Average daily VaR was lower during the nine months ended June 30, 2022 compared with the nine months ended June 30, 2021 due to the impact of scenarios of elevated volatility as a result of the COVID-19 pandemic (which commenced in March 2020) on our VaR model during the prior-year period.

The Fed’s MRR requires us to perform daily back-testing procedures for our VaR model, whereby we compare each day’s projected VaR to its regulatory-defined daily trading losses, which exclude fees, commissions, reserves, net interest income and intraday trading. Regulatory-defined daily trading losses are used to evaluate the performance of our VaR model and are not comparable to our actual daily net revenues. Based on these daily “ex ante” versus “ex post” comparisons, we determine whether the number of times that regulatory-defined daily trading losses exceed VaR is consistent with our expectations at a 99% confidence level. During the three and nine months ended June 30, 2022, our regulatory-defined daily losses in our trading portfolios exceeded our predicted VaR on four and nine occasions, respectively, due to the volatility and market uncertainty related to the Fed’s short-term interest rate increases.

Separately, RJF provides additional market risk disclosures to comply with the MRR, including 10-day VaR and 10-day Stressed VaR, which are available on our website at https://www.raymondjames.com/investor-relations/financial-information/filings-and-reports within “Other Reports and Information.”

Banking operations

Our Bank segment maintains an interest-earning asset portfolio that is comprised of cash, C&I loans, commercial and residential real estate loans, REIT loans, tax-exempt loans, and SBL loans, as well as securities held in the available-for-sale securities portfolio, and SBA loan securitizations.  These interest-earning assets are primarily funded by client deposits.  Based on the current asset portfolio, our banking operations are subject to interest rate risk.  We analyze interest rate risk based on forecasted net interest income, which is the net amount of interest received and interest paid, and the net portfolio valuation, both across a range of interest rate scenarios.

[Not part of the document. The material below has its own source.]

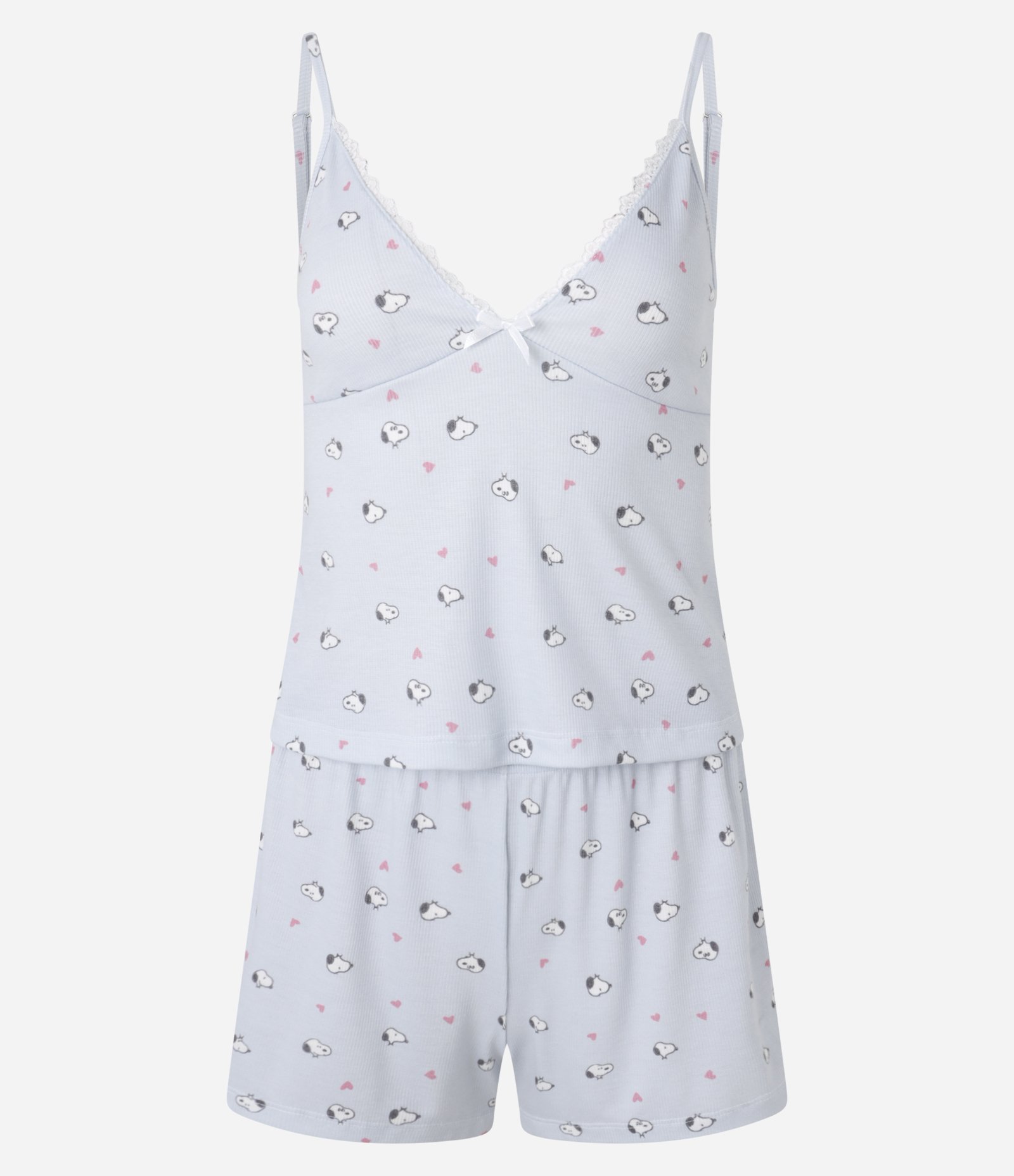 Pijama Short Doll em Ribana com Estampa de Mini Snoopy Azul 4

One of the objectives of the Asset and Liability Committee is to manage the sensitivity of net interest income to changes in market interest rates. This committee uses several measures to monitor and limit interest rate risk in our banking operations, including scenario analysis and economic value of equity. The methods used to measure this sensitivity are described in “Item 7 - Management’s Discussion and Analysis of Financial Condition and Results of Operations - Risk management - Market risk” of our 2021 Form 10-K. We utilize a hedging strategy using interest rate swaps in our banking operations as a result of our asset and liability management process. For further information regarding this hedging strategy, see Note 2 of the Notes to Consolidated Financial Statements of our 2021 Form 10-K and Note 15 of the Notes to Condensed Consolidated Financial Statements of this Form 10-Q.

To ensure that we remain within the tolerances established for net interest income, a sensitivity analysis of net interest income to interest rate conditions is estimated under a variety of scenarios. We use simulation models and estimation techniques to assess the sensitivity of net interest income to movements in interest rates. The model estimates the sensitivity by calculating interest income and interest expense in a dynamic balance sheet environment using current repricing, prepayment, and reinvestment of cash flow assumptions over a 12-month time horizon. Assumptions used in the model include interest rate movement, the slope of the yield curve, and balance sheet composition and growth. The model also considers interest rate-related risks such as pricing spreads, pricing of client cash accounts, and prepayments. Various interest rate scenarios are modeled in order to determine the effect those scenarios may have on net interest income.

The following table is an analysis of our banking operations’ estimated net interest income over a 12-month period based on instantaneous shifts in interest rates (expressed in basis points) using our previously described asset/liability model, which assumes a dynamic balance sheet and that interest rates do not decline below zero. While not presented, additional rate scenarios are performed, including interest rate ramps and yield curve shifts that may more realistically mimic the speed of potential interest rate movements. We also perform simulations on time horizons of up to five years to assess longer-term impacts to various interest rate scenarios. On a quarterly basis, we test expected model results to actual performance.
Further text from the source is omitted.